Home Finance Tax Reform in the US Is Unlikely to Change Wealth Management in 2017

Tax Reform in the US Is Unlikely to Change Wealth Management in 2017

by internationaldirector

Written By: Diana Bailey – Corporate Finance

US President Donald Trump and the Republican-controlled Congress have placed a high priority on tax reform. Their goal is to boost the economy in the United States and sustain the corporates’ development. Since the election, US markets have nourished great hopes of tax reduction in US investments. But, actually, details are slow in coming, with the first hearing of the supposedly “biggest” US tax reform taking place in mid-May in front of the House of Representatives.

As far as wealth management is concerned, it is almost certain that taxes will not increase; but it is hard to predict to what extent it will decrease. What are the main types of taxes that should be impacted in the future?

Fewer brackets for income tax and lower rates:

The White House has proposed reducing the number of brackets for income tax from the seven current individual brackets to three, with rates of 10, 25 and 35 percent. It has not yet been determined what level of income will apply to each rate, but some specialists are making assumptions.

Tim Steffen, director of financial planning at Baird’s Private Wealth Management, estimates the 10-percent bracket would apply to income up to around $37,950 for singles and $75,900 for married couples. Income above that would be taxed at 25 percent up to $416,700 for both singles and couples. Above $416,700, the 35-percent rate would apply.

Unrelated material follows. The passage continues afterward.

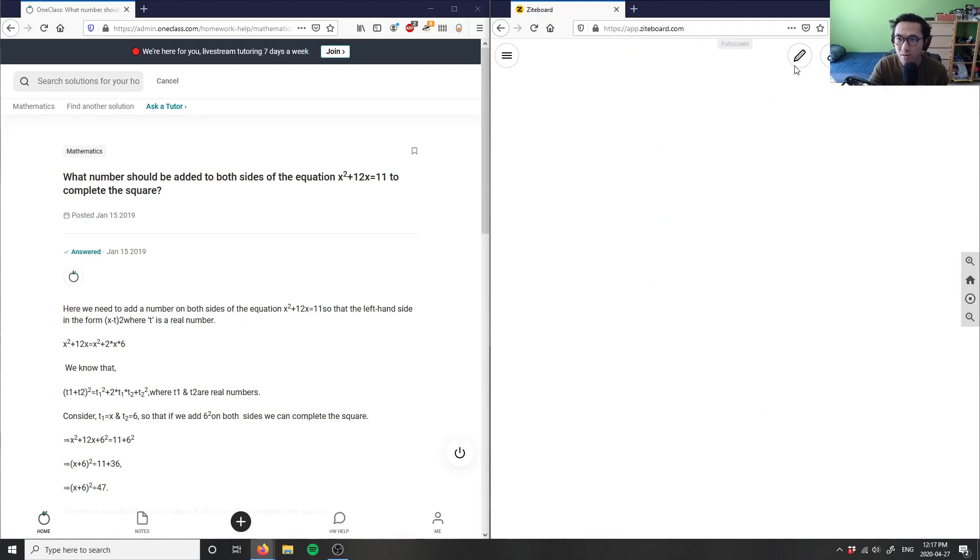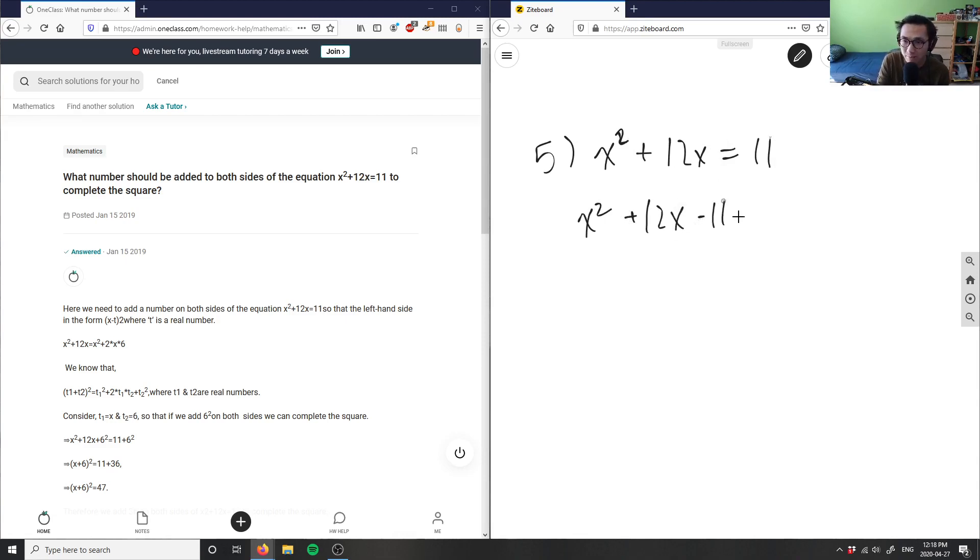Let's do number five here. He's asking what number should be added to both sides of the equation to complete the square. I have x squared plus 12x equals 11. In order to complete the square, I first have to move 11 to the left side, so I have x squared plus 12x, then I subtract 11 from both sides, which equals zero.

Tax on capital gains could possibly stay at the same rates:

Top rates on long-term capital gains are now at a maximum of 20 percent in the US, down from 35 percent in the 1970s. The current three levels of 0, 15 and 20 percent could continue on capital gains (and qualified dividends). A related question is whether capital-gains rates will be linked to ordinary tax rates, as is currently the case. For example, people who fall into the 10-percent or 15-percent brackets on ordinary income pay a 0-percent capital-gains rate; while those in the next four ordinary brackets pay 15 percent on capital gains. People in the top 39.6-percent ordinary-income bracket face the maximum 20-percent capital-gains rate.

“The break point for those (capital gains) rates could match the new ordinary tax brackets, or a new set of brackets could be created,” Steffen wrote in a commentary.

Drastic changes in deductions:

A big simplification can be expected from changes in the deductions system. On the one hand, Trump said he would dramatically increase the existing standard deduction. For singles, it could rise to $12,000 from the current $6,350. For couples, it could increase to $24,000 from $12,700. On the other hand, only a few itemized deductions for just a few key categories would remain: namely, mortgage interest and charitable donations. Other fairly popular deductions would disappear, such as those for local/state income taxes and property taxes. One unanswered question is whether the value of overall deductions might be capped or phased out for high-income taxpayers.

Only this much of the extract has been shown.